Other Monastic Congregations. A third congregation of Benedictines, the English Benedictine Congregation, was represented in the twentieth century with the monastic foundation of Saint Anselm in Washington, D.C. Saint Anselm's became a priory in 1949 and an abbey in 1961. Two other communities also took root, one in 1919 near Newport, Rhode Island, originally under the jurisdiction of Downside Abbey, which became Portsmouth Abbey (1969) and one that was a foundation of Ampleforth Abbey, begun in Saint Louis in 1955, which became Saint Louis Abbey (1989).

The French Solesme Congregation made their first North American foundation in 1912 in Quebec. It became the Abbey of Saint Benoit-du-Lac. The same congregation was responsible for the Monastery of Our Lady of Clear Creek, Hulbert, Oklahoma (2000).

A number of other European Benedictine houses came to the U.S. after World War II. From China came monks of the Congregation of the Annunciation, who founded the community of Saint Andrew in Valyermo, which became an independent house in 1965. Another group of monastic refugees from Hungary founded Woodside Priory, California, in 1957. Earlier German monks from the Missionary Congregation of Saint Ottilien settled in Newton, New Jersey, in 1924, which became Saint Paul's Abbey (1947).

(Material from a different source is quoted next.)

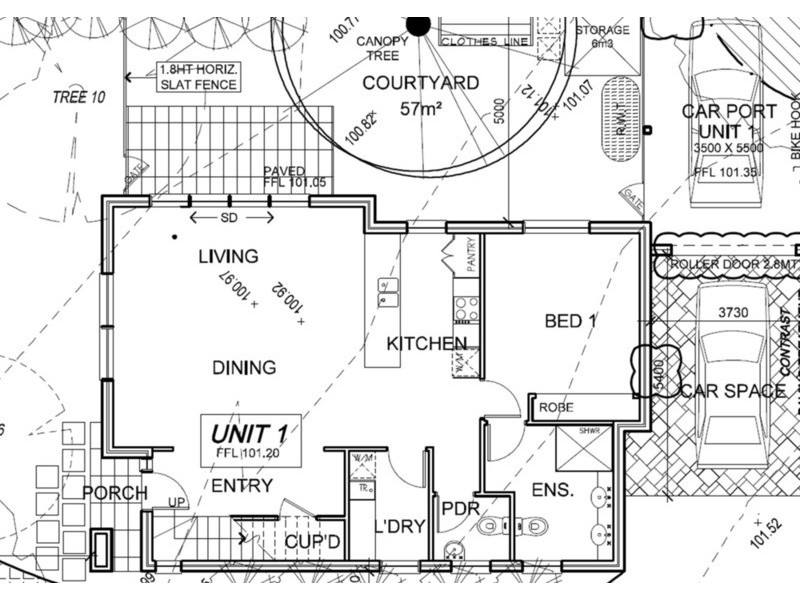 6 Newman Road, Wantirna South VIC 3152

The Italian Camaldolese Congregation founded the Monastery of the Immaculate Heart in Big Sur, California (1958). The Italian Sylvestrine Congregation had their sole foundation of Saint Benedict Monastery, Oxford, Michigan (1960). The Italian Olivetan Congregation originally made a foundation in Louisiana but then took over the Abbey of Our Lady of Guadalupe, Pecos, New Mexico (1973), as well as the monastic communities of Holy Trinity, Saint David, Arizona (1974), and the Monastery of the Risen Christ, San Luis Obispo, California (1992).

The Subiaco Congregation took over the monastery of Christ in the Desert, New Mexico (1996) and subsequently made foundations in Veracruz and Guanajusto, Mexico and in Chicago at Holy Cross Monastery (2000). Saint Mary's Monastery in Petersham, Massachusetts (1987) is also a member of the Subiaco Congregation.

Two independent Benedictine foundations in the United States were also made after the war. Father Damasus Winzen was the founder of Mount Saviour Monastery, Pine City, New York (1950). Father Leo Rudloff founded Weston Priory, Weston, Vermont (1952). Both of these communities remain under the jurisdiction of the abbot primate.

Bibliography: c. barry, Worship and Work (revised ed. Collegeville, Minn. 1993). t. kardong, The Benedictines (Collegeville, Minn. 1988). a. kessler, Benedictine Men and Women of Courage (Yankton, S.D. 1992). j. oetgen, Saint Vincent in Pennsylvania: A History of the First Benedictine Monastery in the United States (Washington, D.C. 2000); An American Abbot: Boniface Wimmer, O.S.B. (Washington, D.C. 1997). j. rippinger, The Benedictine Order in the United States: An Interpretive History (Collegeville, Minn. 1991).